Grassroots art – eccentric work by self-taught, prolific everyday folks (ranchers, farmers, welders, homemakers) – is everywhere in the out-of–the-way northwestern Kansas town of Lucas. it is actually fitting that art that is so “out there” should be way out here, far from the mainstream of most things, including the art world.
This was probably my 5th trip to Lucas in over 30 years and there is more to see each visit. The main draw is the remarkable Garden of Eden, a bizarre sculpture garden with giant concrete representations of populis themes — my favorite is one of a farmer being crucified by the banker, lawyer and doctor. And then there’s the giant limestone and concrete ziggurat looking mausoleum where you can peer into the coffin of the civil war veteran S.P. Dinsmoor who built the garden. (He is looking moldy these days, which our guide explained was due to a crack in the sheet of glass in front of the coffin, which let air in. it has been fixed but not before substantial damage.)
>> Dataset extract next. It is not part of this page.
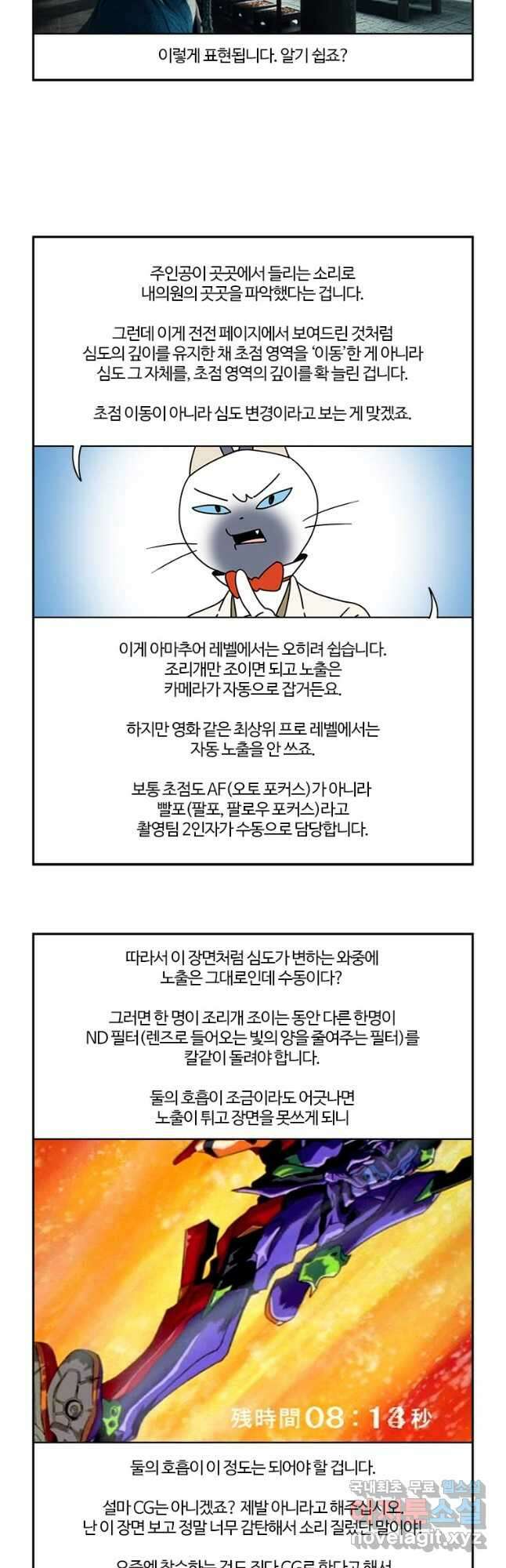 부기영화 186화. 올빼미 16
The garden and house — also a work of oddness, made of limestone logs — sits on an otherwise normal Kansas small town street, which is part of the charm and shock effect. But the garden and its sculptures in particular have never looked better after a recent massive multi-million dollar restoration funded by the Kohler Foundation ( from the Bath works company in Wisconsin).
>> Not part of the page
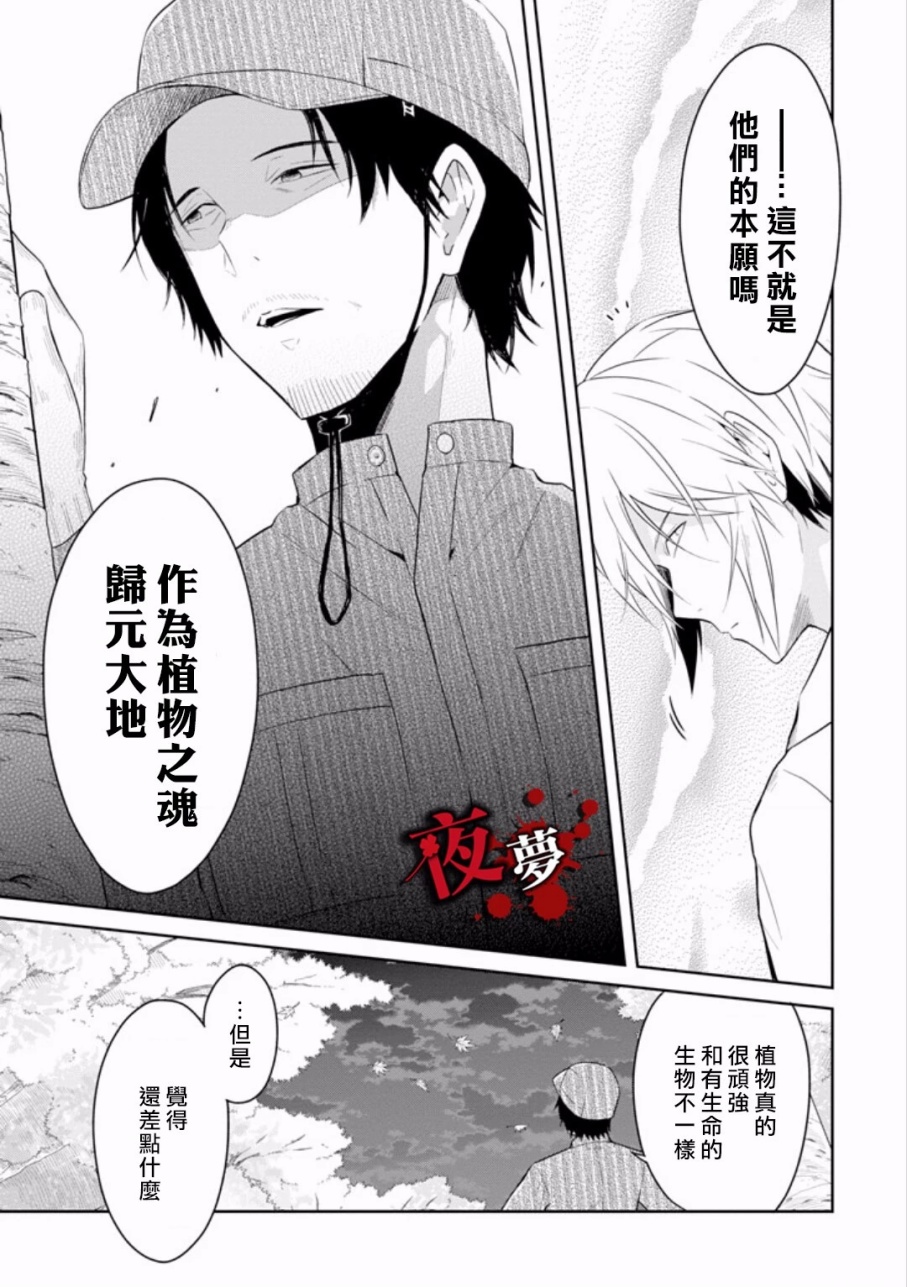 第8.3话3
And even more so, the two block downtown has more to see, including the Grassroots Art Center in an old limestone masons building,where we went on a very informative tour of several rooms and an outdoor courtyard showcasing the odd work of artists primarily from Kansas. ( “Grassroots art” was likened to “outsider art” but not “folk art.”)
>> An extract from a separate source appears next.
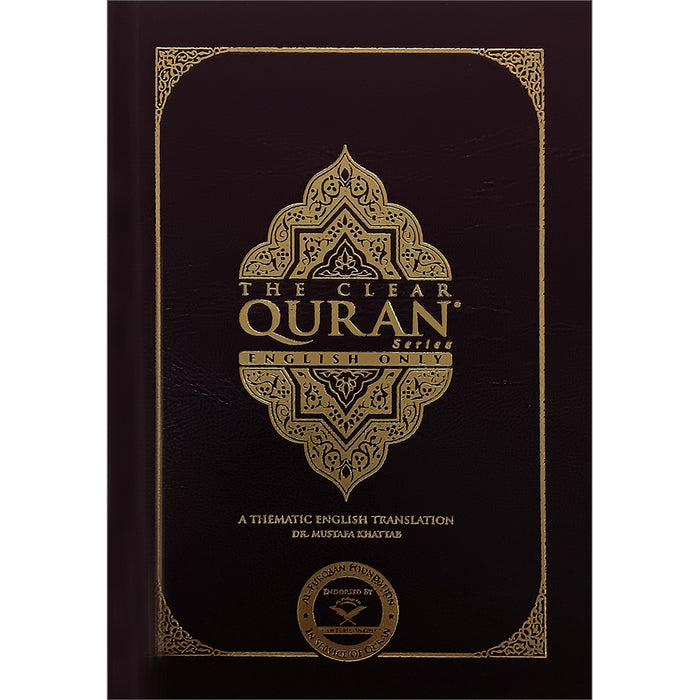 The Clear Quran English Only- Hardcover (8.7*5.7)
There is also a phenomenal new public bathroom full of bizarre mosaics and the otherwise ordinary wood street lights are art installations. (One has various colorful belts strapped around it. Another has glass sculptures and two legs sticking up from the ground. Could it be the wicked witch of the west?)
We also found artworks in fields on Highway 14 heading to Lincoln and along Highway 18 to Lucas and Highway 232 back to Wilson and the interstate.
One disappointment: Brant’s meat market, which has sold homemade bologna for 90-some years in downtown Lucas, closed in January but the word on the street (literally from two townies sitting on a bench outside the market) is that it will reopen this summer, thanks to a new buyer.
I was glad to see “the Garden View Airbnb” now operating across the street from the Garden of Eden (run by our tour guide, who is also a cousin of Dinsmoor ) and the old hotel in Wilson (where the Movie “Paper Moon” was filmed) is still up and running. It also has a restaurant that serves dinner. Otherwise dining options are limited. We ended up about an hour west in Hays at Al’s Chickenette, which has been around since 1947 (and also has a new owner) where we had, yes, fried chicken. Very different than the upscale version we had in KC the night before but good in its own way (except for the mashed potatoes and gravy which were grey and gooey. get the fries. Much better.)